I've been travelling with my husband and the kids -- and my socks. Wow! After one miserable attempt last year that involved a poorly maintained road and a cranky skein of Euroflax, I hadn't tried knitting in a moving car. I expected to maybe knit a few rounds on my sock when we stopped for gas, if none of the kids needed me to take them in to the bathrooms or change a diaper. But I pulled it out on a boring stretch of I-5 and the next thing I knew, it was an inch long and I was ready to do the heel, mostly with my eyes on the road. (And because there are other knitters out there who love to jump to the worst possible conclusion, I'll add that I was in the passenger seat, NOT driving, and I've heard all of the nasty speculation about what would happen if the airbags went off while I was holding sharp pointy things.)
There were some nervous moments when I had to ladder up a dropped stitch and figure out what to do with an accidental YO a few rows after the fact, but they were worth it because those boring stretches flew by. I'm not sure how just keeping my hands moving could possibly make such a difference, but it did.
We found a shoe tree! It doesn't show up well in the picture (you can click on it for the bigger version), but there are hundreds of shoes wedged up in the branches and hanging in big clumps. Bill doesn't think the multi-colored lump lying there on the dashboard looks anything like a sock, but I know that another knitter would be able to tell.

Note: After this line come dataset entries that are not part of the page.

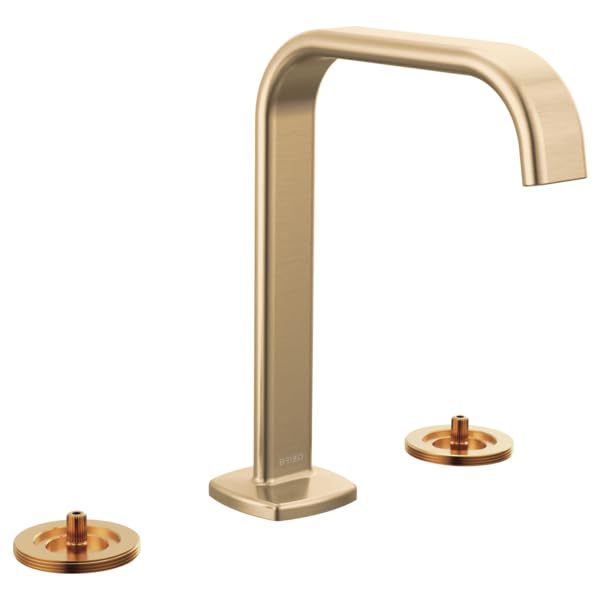 Champagne bronze widespread lavatory faucet with tall square spout and two round valve escutcheons.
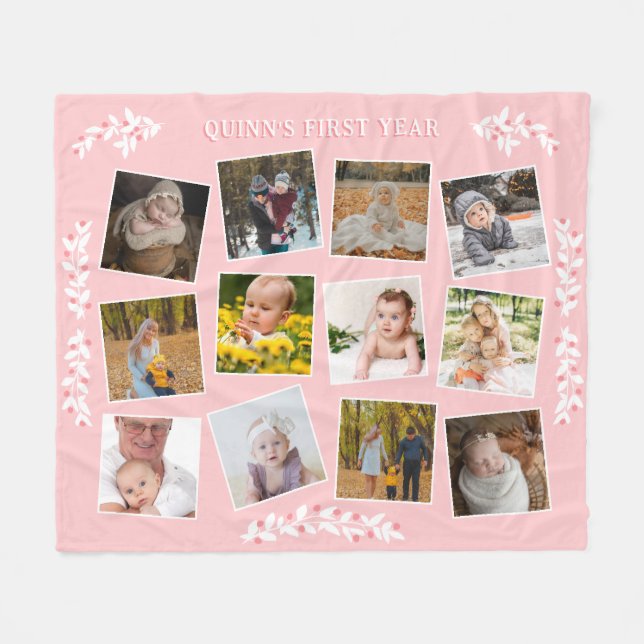 Pretty Berry Twigs Pink Baby's First Year Photos Fleece Blanket (Front (Horizontal))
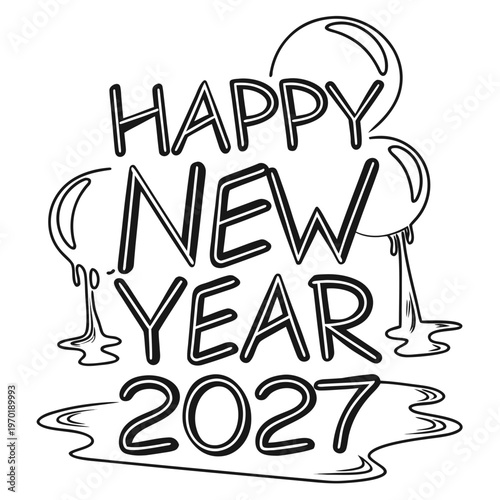 Happy New Year 2027 Glowing Text balloons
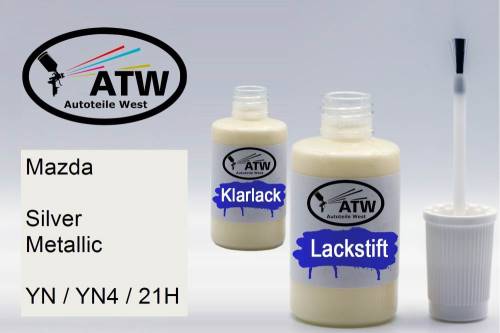 Mazda, Silver Metallic, YN / YN4 / 21H: 20ml Lackstift + 20ml Klarlack - Set, von ATW Autoteile West.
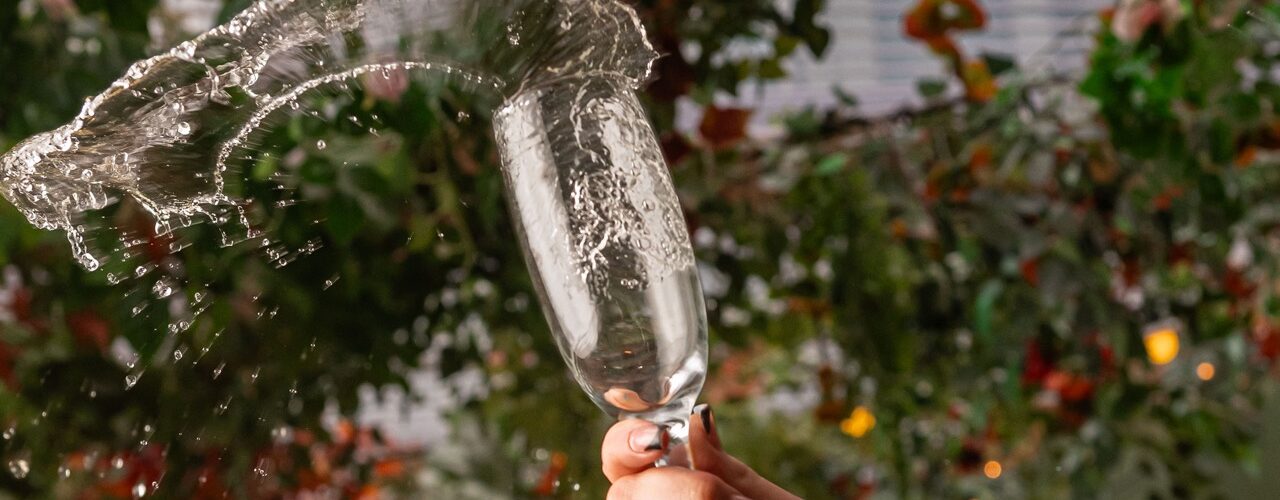 Champagne flute swirling in front of a Christmas tree.
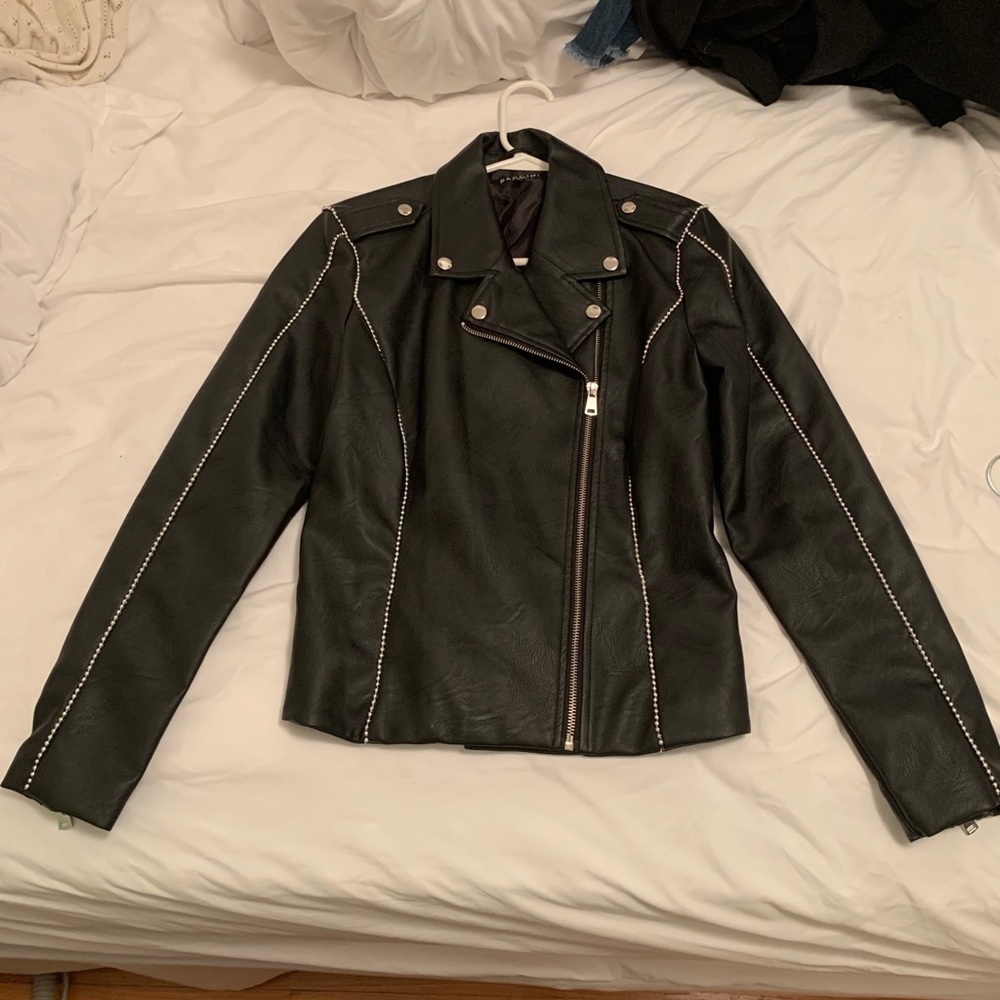 Black Beaded Leather Jacket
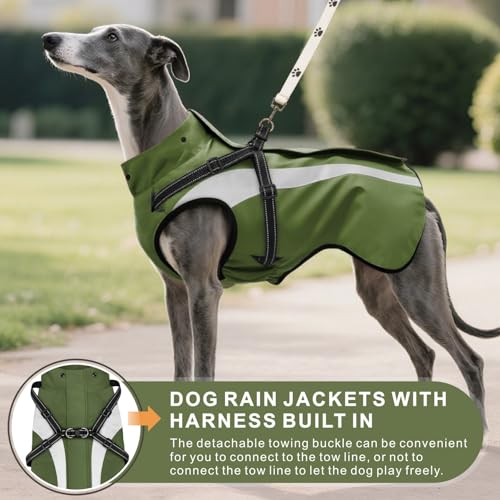 Oslueidy Hund Regenmantel wasserdichte Regenmäntel für Hunde Regenjacken mit Kapuze Haustier Regen Poncho Mantel für kleine mittlere große Hunde Welpen S-XXL (Grün, S)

We kept driving and the sock kept growing. I wasn't to excited about the leg, because the broken rib pattern I originally had in mind would have meant counting, then I remembered what Bonnie posted to Knitting Mothers about alternating random bands of stockinette and garter and ribbing and suddenly I was having all sorts of fun.
I added three color repeats to my latest Mason Dixon warshrag while sitting in a Motel 6 parking lot at midnight with a really fussy baby on my lap, wondering why I was out there because no one in the place could possibly be sleeping through that thunderstorm, especially when one crack set off every car alarm in the parking lot. I got lucky and was only out there an hour before he finally fell asleep.
We made it to Utah and the sock sat neglected in my purse while we dug trilobites and hiked a bit and took the kids to every cheap or free museum we could find and drove a bit. Posion Spider Mesa was never a possibility because we don't have the axles or gear ratio or whatever else we need to tackle something like that. The stupid Durango kept overheating anyway, so we barely left the pavement at all. The one year I'm finally not pregnant and can handle some rough roads!
By far the best knitting on the trip was in the campground right before dawn when I finished another warshrag while watching the sun come up over the rocks. I was going to try to get up early again the next morning (hopefully without the raging migraine that woke me up the first time), but the hiking turned my legs to jelly and it was too much work to crawl out of my sleeping bag.
It was a great trip, but I'm glad to be home!